Pairing Beers with Short Stories
The Butcher Boys, the second story in the collection, is one of my personal favorites, partly because the nicer details reminded me of my small-town Wisconsin childhood, and partly because the story evolved unexpectedly as I wrote it. I let it stew for a while because I wasn’t sure how it might end or when. Was this maybe a novel? But it took a turn that even surprised me. (No spoilers here.) I really hadn’t planned for the turn, but then I knew it had to happen. And damn if I wasn’t stuck again. I couldn’t drop a reader on their head and walk off. There was more here. Back to the rumination stage.

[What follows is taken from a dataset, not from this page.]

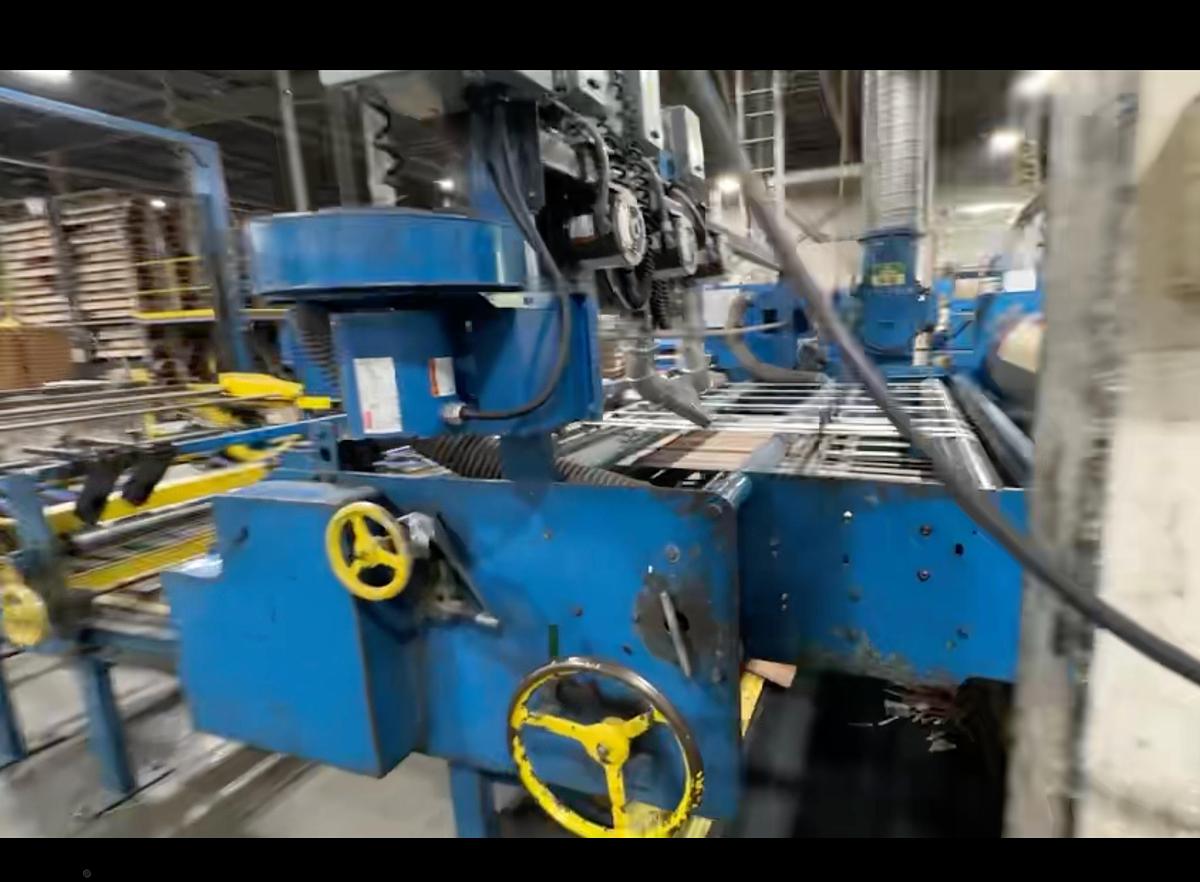 Used Staley 2-Color Rotary Die Cutter with Doctor Blade System and Vacuum Transfer 66" x 115"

That’s when I realized I didn’t have all my characters yet. As if remembering childhood friends and then looking at an old group photo and realizing you’d left a couple people out. So, like shuffling cards, new bits slipped into place, and suddenly I had a full deck. Again, a didn’t-see-that-coming moment. You’ll hear that a lot from writers, and for a long time it sounded kooky to me until I had a couple moments. Instead of it feeling like I’d had an idea, a solution to a problem, I felt unsettled, as if I had turned a page and found a distressing verdict there waiting for me. Robert Olen Butler addresses creativity arriving like that in his excellent book From Where You Dream: The Process of Writing Fiction.
The beer to go with this one — and I definitely needed a drink after this — is Slugfest, a Juicy IPA from Summit Brewing (A good Midwestern beer for a story in a Midwestern town). Also appropriate because the narrator recalls an epic one-sided slugfest from his childhood, when the story takes place, around the time when those punches were thrown. There may be a bit of baseball involved too.